Here is why I won’t be watching the India-Pakistan cricket match today

As a lifelong cricket fan who has been watching the game since the late 80s and remembers the thrill that even a short highlights clip or radio commentary would bring in the era when live broadcasts of every series was a distant dream, off late a strange disconnect has developed with regards to the game. Especially when it comes to the previously much-awaited India-Pakistan games.

How can we enjoy a cricket match with a nation that is killing our citizens as we speak, and heaping the worst kinds of barbarities on its Hindu minority? Every day, we watch the cries of those Hindu families that are shattered by the terrorism and Islamofascism that define modern-day Pakistan. Are we supposed to just forget that, and then watch cricket with that same country as if nothing happened?

Now, let’s address the usual arguments trotted out against this natural human reaction.

1.) Let’s not mix sports and politics

This one is so asinine that its hard to figure out where to begin dismantling it. Ban on sporting ties is the easiest way to signal that another nation’s behavior is not ok. It, and other steps like cutting trade, diplomatic ties is far better than resorting to war. But in the dystopian polity created by our Hinduphobic elites, we are made to feel guilty for demanding this very bare minimum act against a nation that bleeds us and persecutes people like us.

We have 100-times the justification to cut all ties with Pakistan, compared to how the US-led West has gone about making Russia an international pariah, despite Russia not threatening any Americans or having any direct territorial conflict with it. Russia only invaded Ukraine to end the persecution of Russian-speaking people in Eastern Ukraine, and the West has gone to ridiculous extremes to snap ties at every level and is even bullying other nations to follow their cue.

Wasn’t apartheid-era South Africa boycotted? What Pakistan is doing with us and its Hindu population is worse on any moral scale than the apartheid discrimination faced by Black South Africans. Yet, our Lutyens’ elites can’t help but push for ‘peace and talks’ every 6 months with this terrorist, Islamofascist nation!

2.) It’s ok, this is a multi-lateral tournament. We have stopped bilateral cricket with Pakistan.

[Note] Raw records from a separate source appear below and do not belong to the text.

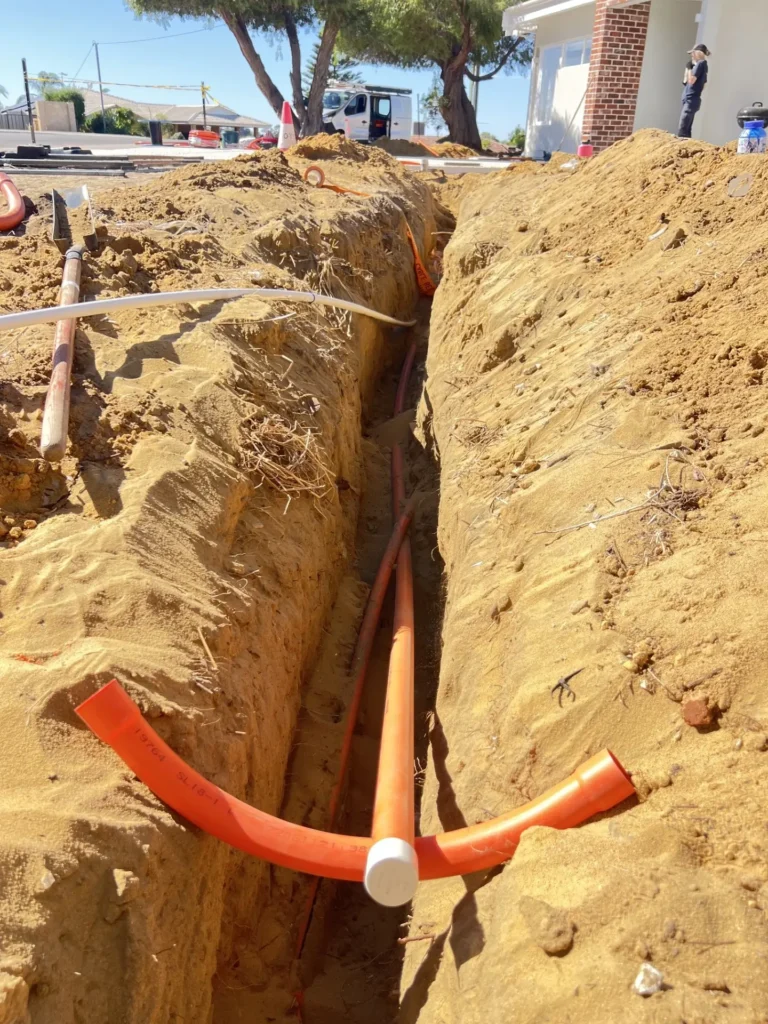 Orange electrical conduit with a sweeping bend and capped end laid in an open sand trench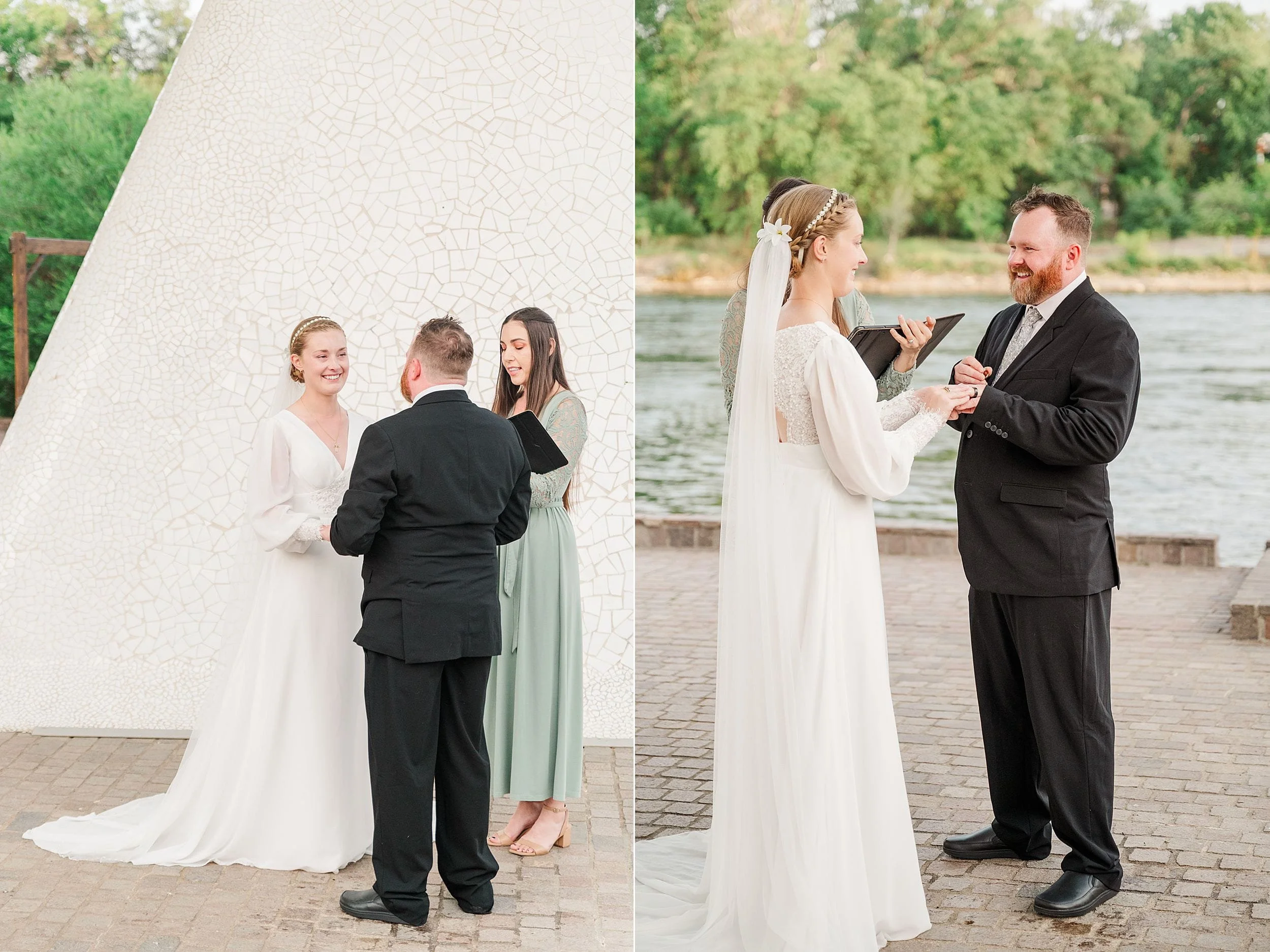 A couple exchanges vows in an outdoor wedding. The bride, in a flowing white dress, and groom, in a black suit, smile warmly. A serene river is in the background.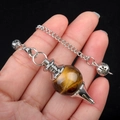 Tiger eye crystal pendulum necklace with metal chain held against a dark background - Tiger's Eye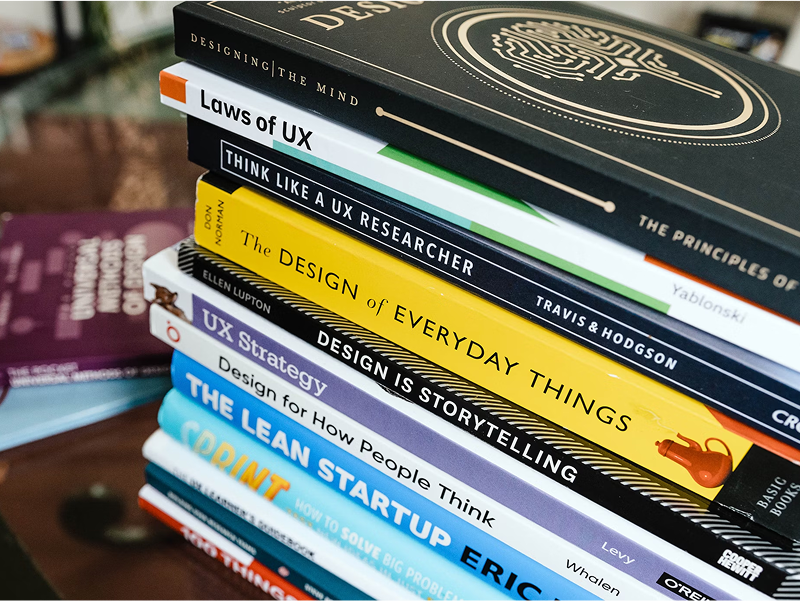 A tall stack of books focused on design and user experience, with titles including "The Design of Everyday Things," "Laws of UX," and "The Lean Startup."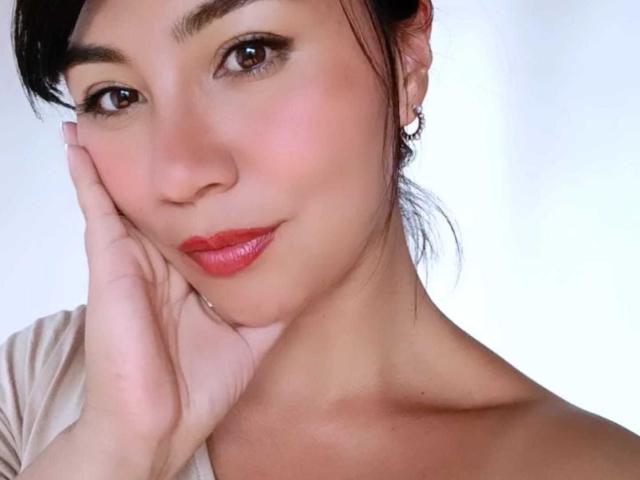 CharlotteBliss has her hand on her cheek, brown eyes, red lipstick, and dark hair in a ponytail, with a soft smile and subtle makeup, showing her bare shoulders.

Yes, thanks to Ishwar for such small mercies. But the desperation of BCCI and our media to organize and cover Bharat-Pakistan matches is revolting. Just see how the Asia Cup groups have been created. By keeping Bharat and Pakistan in the same group, and stretching the tournament with a Super 4 stage, they have ensured the maximum number of Bharat-Pakistan matches (3, if the two teams meet in final). Normally, you would keep the two strongest teams in the tournament in different groups. Clearly, the ACC (Asian Cricket Council), currently led by BCCI secretary Jay Shah, has tried to maximize revenue from these ‘blockbuster’ matches.

So what, if a Pakistani Hindu father curses his fate for being born a Hindu in that Islamofascist nation as he sees his young daughter lying on a bed, unable to move after days of gang-rape by armed Islamists who abducted her and then nonchalantly dumped her when they had no more use for her.

At the very least, if we just can’t avoid playing Pakistan in tournaments, wear black armbands as a mark of protest! You are ok to take the knee for ‘Black Lives Matters’, but you can’t even do the bare minimum for Hindu lives?

3.) It’s not the Pakistani cricketers fault, yaar. Don’t spread hate!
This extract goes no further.